*Your task*
Please restate, exactly as they appear, only the lines from the one that contains "Зеркало Sansa Cosmo 100 Black Alum SC1047Z" to the final line of the entries, with no pictures.

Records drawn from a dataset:
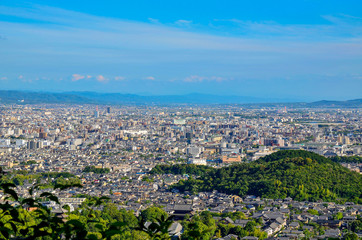京都　成就山展望台からの眺め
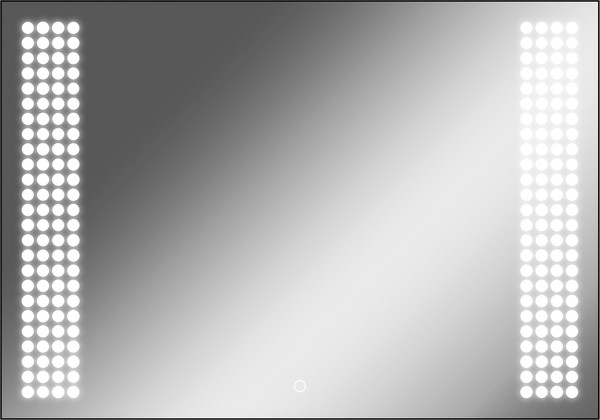 Зеркало Sansa Cosmo 100 Black Alum SC1047Z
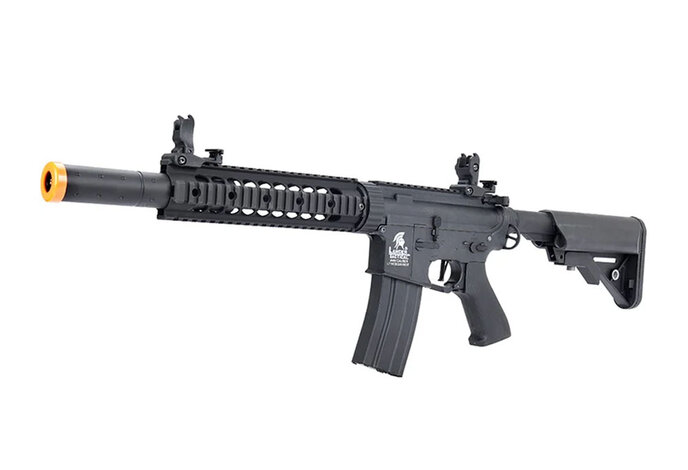 Lancer Tactical GEN2 M4 SD 9" Hybrid ETU High FPS Version Nylon Polymer Rifle Black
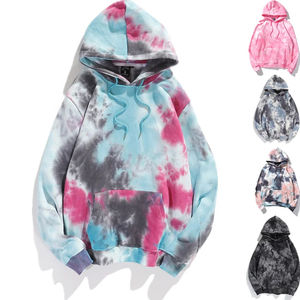 Sweat-shirts à capuche tie-dye pour hommes, style streetwear, pull décontracté, mode, 100% coton, tissu polaire, design personnalisé, écologique, respirant - Product Image 2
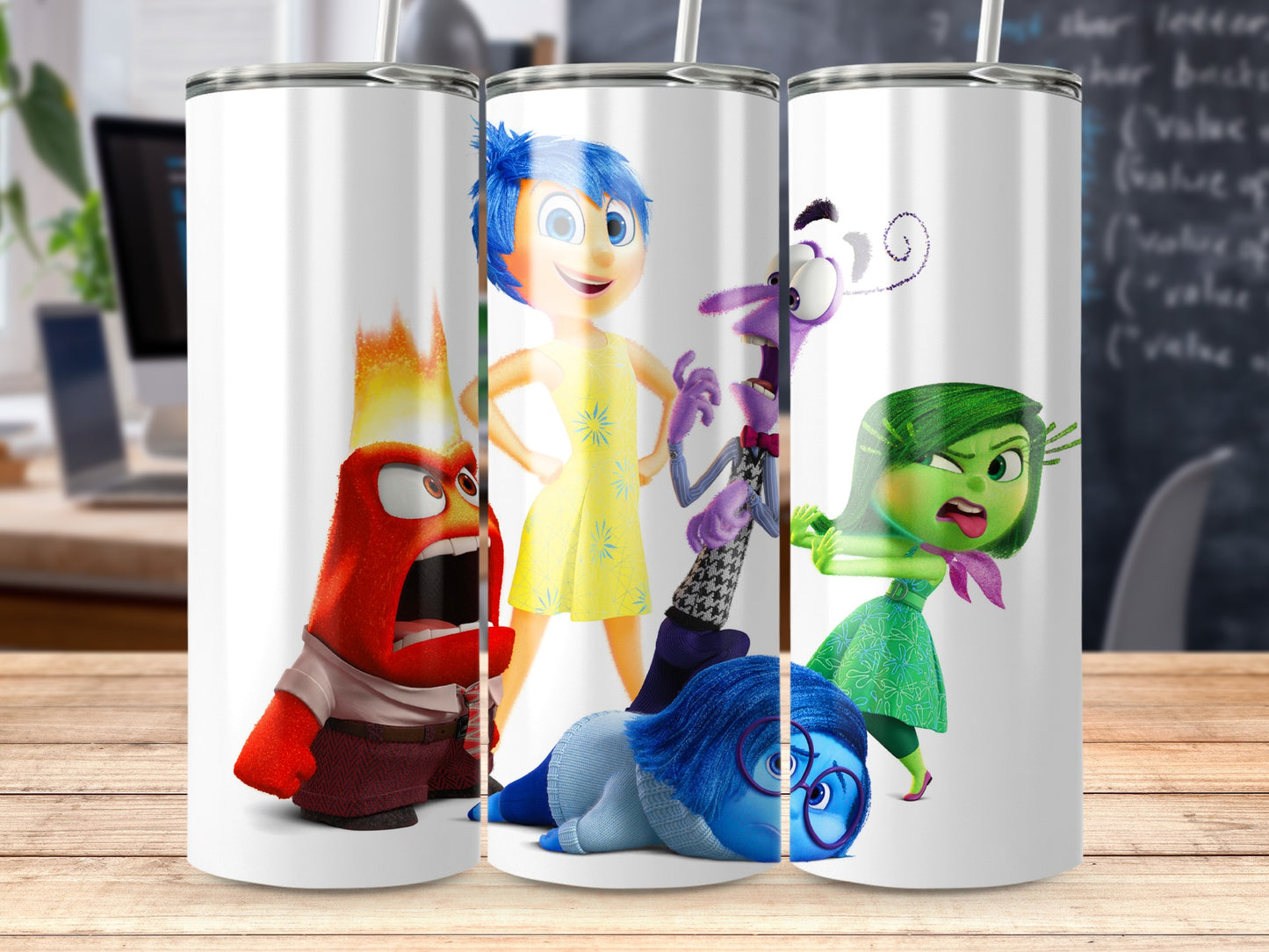 Inside Out Movie Characters Posing Together Tumblers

*Task result*
 Зеркало Sansa Cosmo 100 Black Alum SC1047Z
 Lancer Tactical GEN2 M4 SD 9" Hybrid ETU High FPS Version Nylon Polymer Rifle Black
 Sweat-shirts à capuche tie-dye pour hommes, style streetwear, pull décontracté, mode, 100% coton, tissu polaire, design personnalisé, écologique, respirant - Product Image 2
 Inside Out Movie Characters Posing Together Tumblers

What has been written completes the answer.